People began calling before Kit even shut the door. Yoshi was still here, working the Guinness pumps, a job she hated. No Neck was definitely missing and the food cabinet was entirely empty.

“Listen…” It was Gaz, an Englishman who ran a studio by day, with a sideline in “portfolios” by night. Every would-be hostess who staggered off a plane at Narita already knew she was selling her breast size, hair colour, and smile. When Gaz suggested life could be better as a model most were happy to believe it.

He charged them camera use, studio time, the use of cheap clothes, and the services of a bad makeup artist. Model cards came extra. Cards being the best shot printed up with the model’s name, age, and vital statistics.

These lied as often as Gaz did.

Kit didn’t really dislike him. He was just one of those people…one of a thousand expats who’d dragged their unhappiness to the other side of the world, expecting everything to be different, and never quite got over the fact it felt the same. At least Kit had arrived with no such expectations.

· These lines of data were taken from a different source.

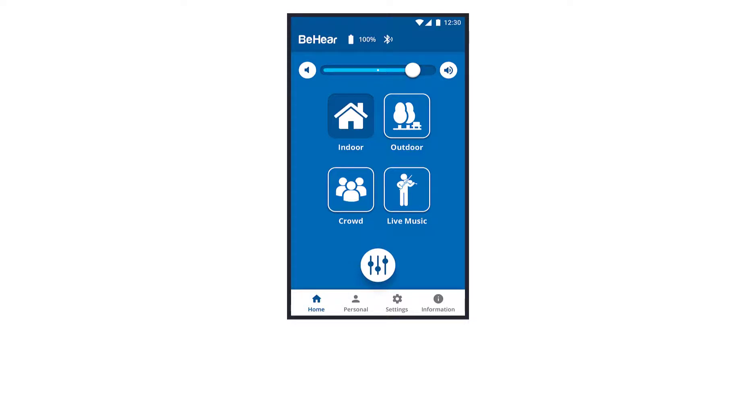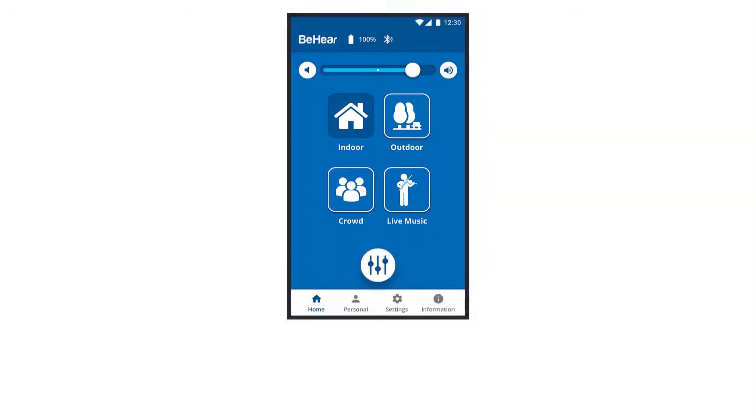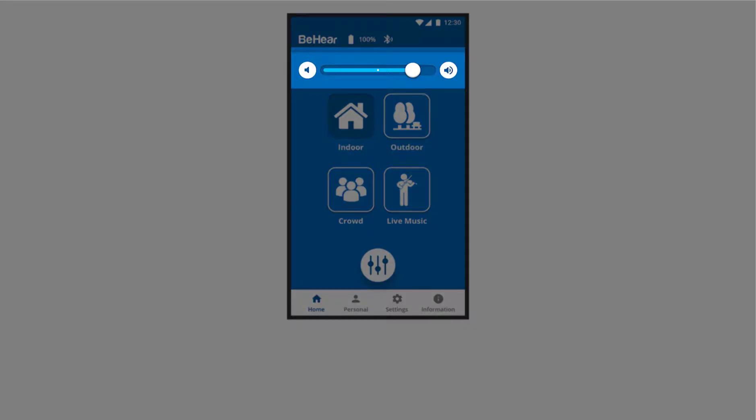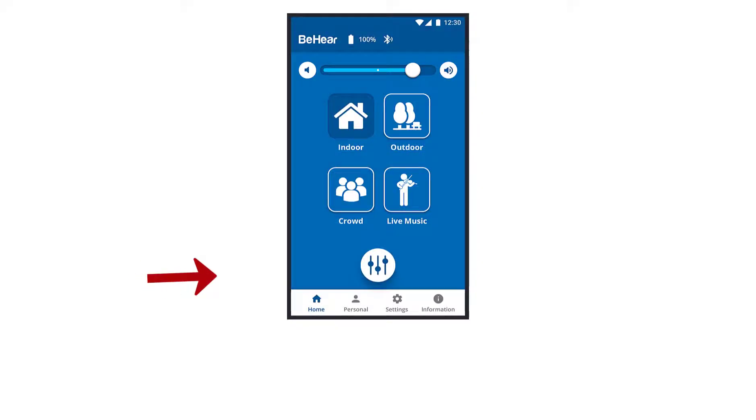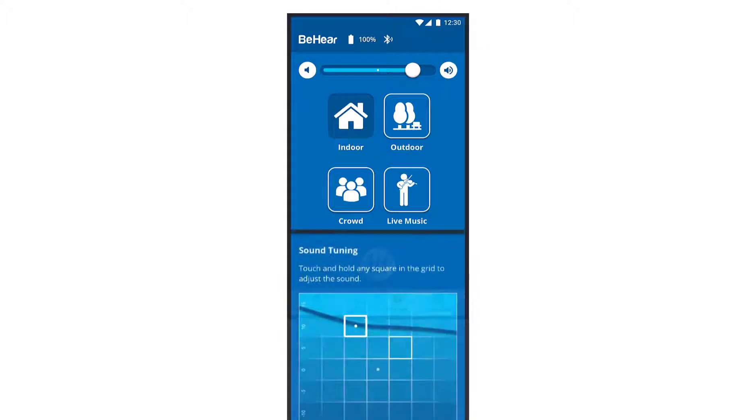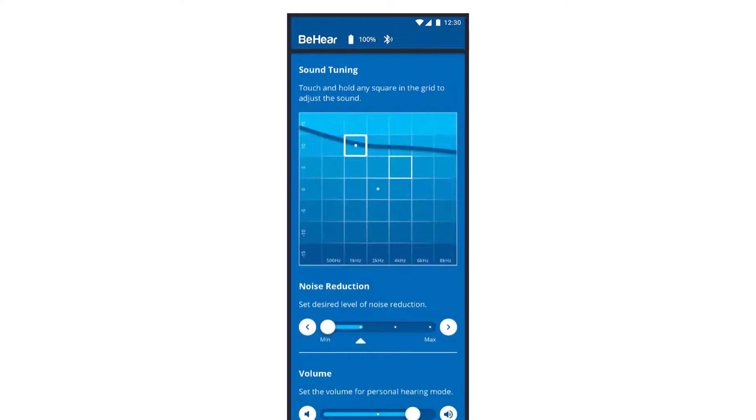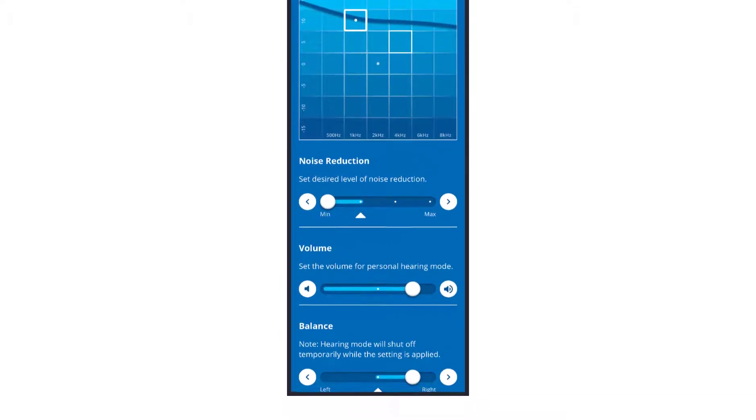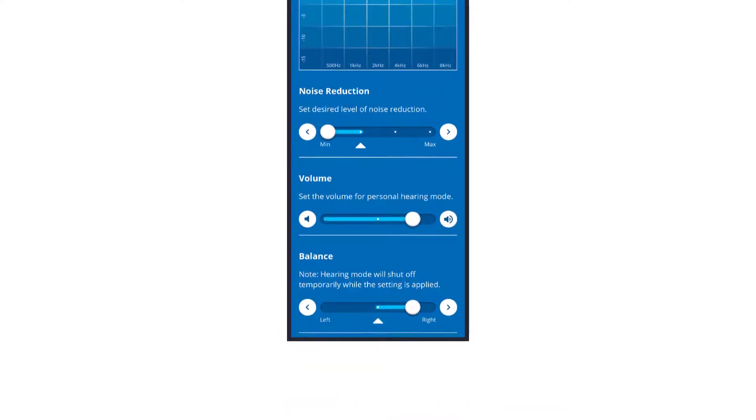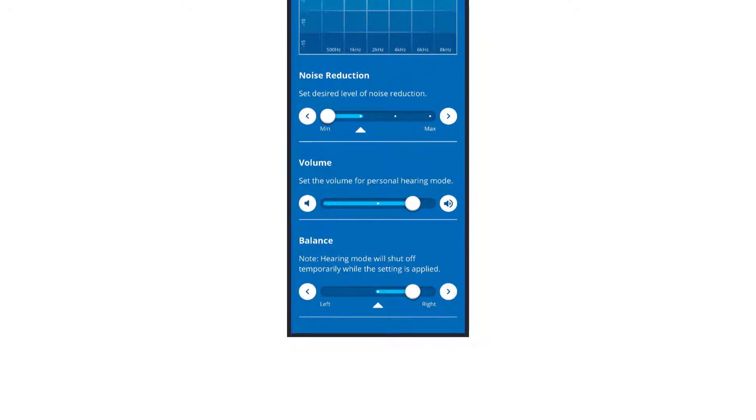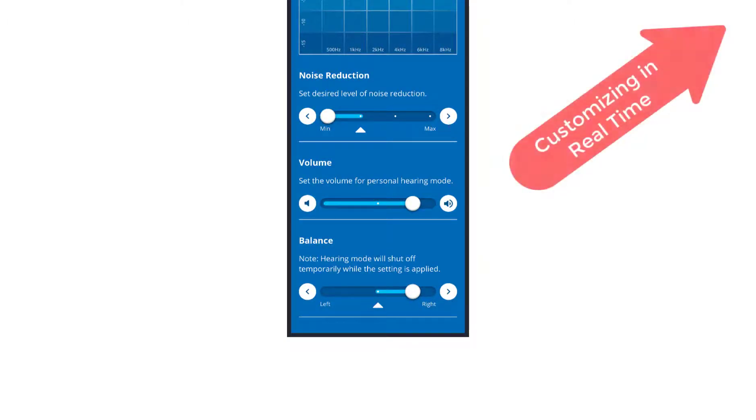choosing the hearing preset, changing the volume, determining the BSP, best sound point, defining the noise reduction level, setting the balance between ears, etc. To learn more about these options, watch the customizing in real-time video.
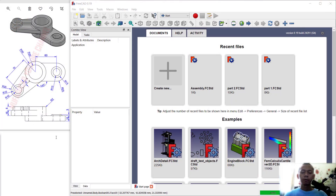Hello everyone, welcome back with FreeCAD 3D modeling basic tutorial for exercise number 13.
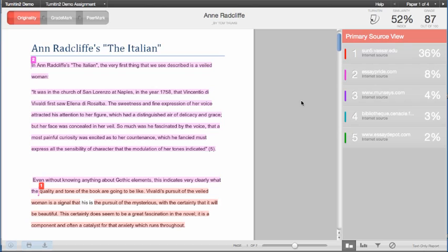If you would like to see the text from the source in order to compare it with the student's text, simply click on the highlighted text and a source comparison window will appear.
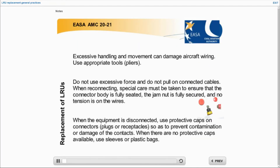All operations on wiring must be carried out in compliance with the good practices and appropriate tools listed in the manufacturer's documentation.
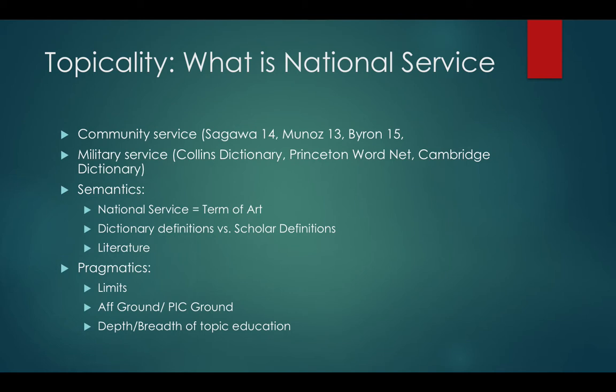We're going to see a lot of affirmatives strategically define the words national service to their benefit. On any T-debate, there are two things to consider: the semantics and the pragmatics. Semantics is a question of what the resolution actually says — what do the words national service actually mean? And then the pragmatics answer the question: who cares what they actually mean? Let's think about what would create the best debate. Even if it doesn't actually mean X, if defining it as X creates better debates, then let's define it as X.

“Sweet fuck,” said Gaz, cancelling what he was about to say. “You look wrecked.”

“Yeah,” Kit said. “Tough night, catch you later…”

Until Micki appeared, Kit really thought he might make it across the smoky room without being stopped. She looked about twelve but then she also looked like a boy. Her twenty-first birthday had been at Pirate Mary’s, courtesy of her friends in the bozozoku.

“I’m so sorry,” said Micki, bowing. “My fault…”

“What is?”

“Everything,” she said, and promptly burst into tears.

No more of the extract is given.